L’Atalanta esce dall’Arena Garibaldi con un pareggio che lascia sensazioni contrastanti. Contro un Pisa combattivo, la squadra di Raffaele Palladino ha mostrato due volti: spenta e in difficoltà nel primo tempo, più reattiva e propositiva nella ripresa. Il tecnico nerazzurro, in conferenza stampa, ha analizzato con lucidità la prestazione, sottolineando come la squadra debba ancora crescere per affrontare partite “sporche”, ma riconoscendo anche i progressi rispetto al passato in termini di solidità mentale.

Una lezione di energia e mentalità

Secondo Palladino, la difficoltà incontrata dall’Atalanta, specialmente nella prima frazione di gioco, non è derivata da questioni tattiche o tecniche, ma da una carenza di energia. Il Pisa ha impostato la gara su un piano fisico e agonistico, vincendo i duelli e le seconde palle, mettendo in crisi una Dea apparsa sorpresa dall’aggressività dei padroni di casa. L’allenatore ha evidenziato come alla sua squadra sia mancato lo “spirito” necessario per calarsi in una battaglia sportiva. Tuttavia, ha voluto vedere il lato positivo: un pareggio che, a differenza di quanto accaduto in passato in situazioni simili come a Verona, muove la classifica e allunga la striscia di risultati utili. La reazione del secondo tempo, propiziata anche dai cambi, ha portato al vantaggio e dimostrato che la squadra ha carattere, sebbene il pareggio finale sia stato giudicato dal tecnico come “il risultato più giusto”.

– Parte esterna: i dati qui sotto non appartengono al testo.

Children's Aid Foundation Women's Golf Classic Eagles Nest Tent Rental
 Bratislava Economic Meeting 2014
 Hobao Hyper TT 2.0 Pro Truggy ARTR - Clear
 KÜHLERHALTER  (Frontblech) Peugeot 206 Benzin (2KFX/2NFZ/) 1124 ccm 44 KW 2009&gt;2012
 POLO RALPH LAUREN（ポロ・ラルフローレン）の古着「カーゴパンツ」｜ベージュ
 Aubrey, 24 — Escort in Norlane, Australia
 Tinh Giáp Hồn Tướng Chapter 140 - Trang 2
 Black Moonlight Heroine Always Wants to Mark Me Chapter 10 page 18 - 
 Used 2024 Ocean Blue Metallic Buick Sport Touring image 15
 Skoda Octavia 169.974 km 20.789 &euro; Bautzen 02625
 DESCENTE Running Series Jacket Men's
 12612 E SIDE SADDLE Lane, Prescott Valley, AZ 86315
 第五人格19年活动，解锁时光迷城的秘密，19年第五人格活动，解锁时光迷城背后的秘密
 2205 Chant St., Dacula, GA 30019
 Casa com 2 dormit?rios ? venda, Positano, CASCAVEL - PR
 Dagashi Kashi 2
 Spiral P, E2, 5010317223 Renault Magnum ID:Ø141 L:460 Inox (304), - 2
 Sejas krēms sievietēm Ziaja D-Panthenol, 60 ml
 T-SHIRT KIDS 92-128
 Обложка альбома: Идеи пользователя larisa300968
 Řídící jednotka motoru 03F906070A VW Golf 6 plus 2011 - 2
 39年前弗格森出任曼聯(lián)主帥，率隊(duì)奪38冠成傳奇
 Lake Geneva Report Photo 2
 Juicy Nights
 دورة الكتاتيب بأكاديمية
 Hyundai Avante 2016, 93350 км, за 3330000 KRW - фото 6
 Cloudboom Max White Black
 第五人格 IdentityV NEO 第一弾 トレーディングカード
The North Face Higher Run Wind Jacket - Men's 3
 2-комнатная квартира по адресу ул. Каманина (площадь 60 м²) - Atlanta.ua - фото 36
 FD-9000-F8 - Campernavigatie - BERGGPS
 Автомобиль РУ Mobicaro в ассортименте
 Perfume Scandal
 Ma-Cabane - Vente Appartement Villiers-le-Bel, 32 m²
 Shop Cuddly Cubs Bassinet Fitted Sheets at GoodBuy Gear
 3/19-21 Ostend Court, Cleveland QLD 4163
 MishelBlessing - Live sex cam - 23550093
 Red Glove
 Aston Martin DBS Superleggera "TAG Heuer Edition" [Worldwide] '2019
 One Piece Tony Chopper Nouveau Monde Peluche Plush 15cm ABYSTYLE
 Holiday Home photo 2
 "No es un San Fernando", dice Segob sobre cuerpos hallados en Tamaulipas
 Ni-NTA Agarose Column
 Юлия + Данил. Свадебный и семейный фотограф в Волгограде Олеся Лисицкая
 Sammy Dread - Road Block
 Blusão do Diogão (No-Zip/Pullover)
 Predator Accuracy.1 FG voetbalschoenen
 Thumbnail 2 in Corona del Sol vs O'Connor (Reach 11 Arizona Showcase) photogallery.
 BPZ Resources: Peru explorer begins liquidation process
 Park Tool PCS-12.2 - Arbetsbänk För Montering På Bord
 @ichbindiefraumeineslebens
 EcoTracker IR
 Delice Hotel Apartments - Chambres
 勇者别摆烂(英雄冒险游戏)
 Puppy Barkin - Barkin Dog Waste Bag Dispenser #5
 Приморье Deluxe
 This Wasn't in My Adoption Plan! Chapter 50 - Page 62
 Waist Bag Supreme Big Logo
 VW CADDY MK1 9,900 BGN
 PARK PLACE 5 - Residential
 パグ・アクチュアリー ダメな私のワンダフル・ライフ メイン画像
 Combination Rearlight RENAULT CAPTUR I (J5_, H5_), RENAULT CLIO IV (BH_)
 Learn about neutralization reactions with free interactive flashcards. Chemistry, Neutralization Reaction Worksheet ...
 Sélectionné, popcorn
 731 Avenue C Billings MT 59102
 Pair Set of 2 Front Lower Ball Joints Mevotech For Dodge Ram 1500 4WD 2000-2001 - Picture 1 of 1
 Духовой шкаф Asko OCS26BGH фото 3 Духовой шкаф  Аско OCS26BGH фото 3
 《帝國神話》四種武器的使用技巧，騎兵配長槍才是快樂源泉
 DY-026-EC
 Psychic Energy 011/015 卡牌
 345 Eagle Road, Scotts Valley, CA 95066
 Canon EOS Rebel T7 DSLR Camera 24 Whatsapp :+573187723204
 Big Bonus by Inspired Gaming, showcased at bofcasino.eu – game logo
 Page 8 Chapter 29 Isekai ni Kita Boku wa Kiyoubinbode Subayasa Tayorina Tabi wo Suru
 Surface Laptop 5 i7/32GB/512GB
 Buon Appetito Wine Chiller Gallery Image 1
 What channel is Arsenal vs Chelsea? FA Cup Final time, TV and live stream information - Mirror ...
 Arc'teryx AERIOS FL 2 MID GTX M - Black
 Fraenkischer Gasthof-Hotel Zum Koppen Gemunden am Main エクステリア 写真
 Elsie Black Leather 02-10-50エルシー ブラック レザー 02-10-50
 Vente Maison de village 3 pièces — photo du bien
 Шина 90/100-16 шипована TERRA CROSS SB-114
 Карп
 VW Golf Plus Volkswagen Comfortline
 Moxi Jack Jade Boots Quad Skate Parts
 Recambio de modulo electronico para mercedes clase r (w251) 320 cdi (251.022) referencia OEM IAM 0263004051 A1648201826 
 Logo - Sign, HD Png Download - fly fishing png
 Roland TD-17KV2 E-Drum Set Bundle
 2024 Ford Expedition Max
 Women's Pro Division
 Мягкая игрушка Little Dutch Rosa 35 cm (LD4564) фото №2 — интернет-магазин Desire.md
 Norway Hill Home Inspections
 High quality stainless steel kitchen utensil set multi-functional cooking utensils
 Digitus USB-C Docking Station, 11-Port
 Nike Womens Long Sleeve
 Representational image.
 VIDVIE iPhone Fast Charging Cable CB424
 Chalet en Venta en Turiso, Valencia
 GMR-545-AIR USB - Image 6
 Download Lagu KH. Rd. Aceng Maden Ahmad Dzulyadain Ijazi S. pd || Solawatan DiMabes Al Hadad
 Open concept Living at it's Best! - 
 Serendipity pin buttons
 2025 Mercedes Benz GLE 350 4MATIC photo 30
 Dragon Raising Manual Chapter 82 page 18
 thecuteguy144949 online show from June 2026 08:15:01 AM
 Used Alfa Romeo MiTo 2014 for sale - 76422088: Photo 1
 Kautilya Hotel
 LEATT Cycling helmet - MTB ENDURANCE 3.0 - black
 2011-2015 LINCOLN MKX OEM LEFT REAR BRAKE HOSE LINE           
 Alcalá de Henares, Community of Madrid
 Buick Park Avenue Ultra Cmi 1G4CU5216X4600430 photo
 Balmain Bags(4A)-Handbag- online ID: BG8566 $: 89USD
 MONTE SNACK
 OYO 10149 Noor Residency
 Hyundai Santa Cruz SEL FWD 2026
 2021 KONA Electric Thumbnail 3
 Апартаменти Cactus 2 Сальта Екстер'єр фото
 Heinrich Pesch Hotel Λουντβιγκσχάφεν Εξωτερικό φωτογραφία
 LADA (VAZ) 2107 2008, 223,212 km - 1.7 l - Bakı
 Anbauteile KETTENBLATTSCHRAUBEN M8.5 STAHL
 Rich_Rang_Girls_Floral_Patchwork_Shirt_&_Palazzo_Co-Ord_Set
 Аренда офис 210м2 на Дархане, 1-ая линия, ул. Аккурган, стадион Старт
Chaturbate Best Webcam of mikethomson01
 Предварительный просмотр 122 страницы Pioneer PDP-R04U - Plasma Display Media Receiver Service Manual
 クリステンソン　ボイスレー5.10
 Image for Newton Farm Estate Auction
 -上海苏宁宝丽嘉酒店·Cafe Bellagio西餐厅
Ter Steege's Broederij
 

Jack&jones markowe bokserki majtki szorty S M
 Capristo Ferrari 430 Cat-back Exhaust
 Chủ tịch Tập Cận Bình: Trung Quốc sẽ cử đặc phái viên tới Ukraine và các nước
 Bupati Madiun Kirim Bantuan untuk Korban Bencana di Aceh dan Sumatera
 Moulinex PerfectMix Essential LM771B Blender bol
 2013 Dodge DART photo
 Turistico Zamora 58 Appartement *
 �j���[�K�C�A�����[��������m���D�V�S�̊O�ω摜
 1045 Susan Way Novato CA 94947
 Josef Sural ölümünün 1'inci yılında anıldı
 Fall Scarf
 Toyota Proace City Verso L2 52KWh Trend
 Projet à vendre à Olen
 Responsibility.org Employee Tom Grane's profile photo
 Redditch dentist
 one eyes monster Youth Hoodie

La gestione delle forze e il debutto di Raspadori

Interrogato sulle scelte di formazione iniziale, Palladino ha chiarito che non si è trattato di un turnover classico, bensì di una “gestione delle risorse” in un calendario fitto di impegni ravvicinati. La fiducia nell’intera rosa è totale, e il problema contro il Pisa è stato l’approccio collettivo, non la prestazione dei singoli. Spazio anche per un commento sul positivo esordio di Giacomo Raspadori. Entrato con l’atteggiamento giusto, l’attaccante è stato inizialmente provato come prima punta. Palladino ha dichiarato su Raspadori: “Il giudizio è ottimo, è entrato bene. Inizialmente l’ho inserito come prima punta al posto di Scamacca, nonostante avesse fatto un solo allenamento con noi, peraltro di semplice approccio e non con la squadra completa. Volevo provare a sfondare centralmente con lui, ma non ci siamo riusciti. A quel punto sono passato al 4-2-3-1 e l’ho spostato sottopunta: quello è il suo ruolo ideale”.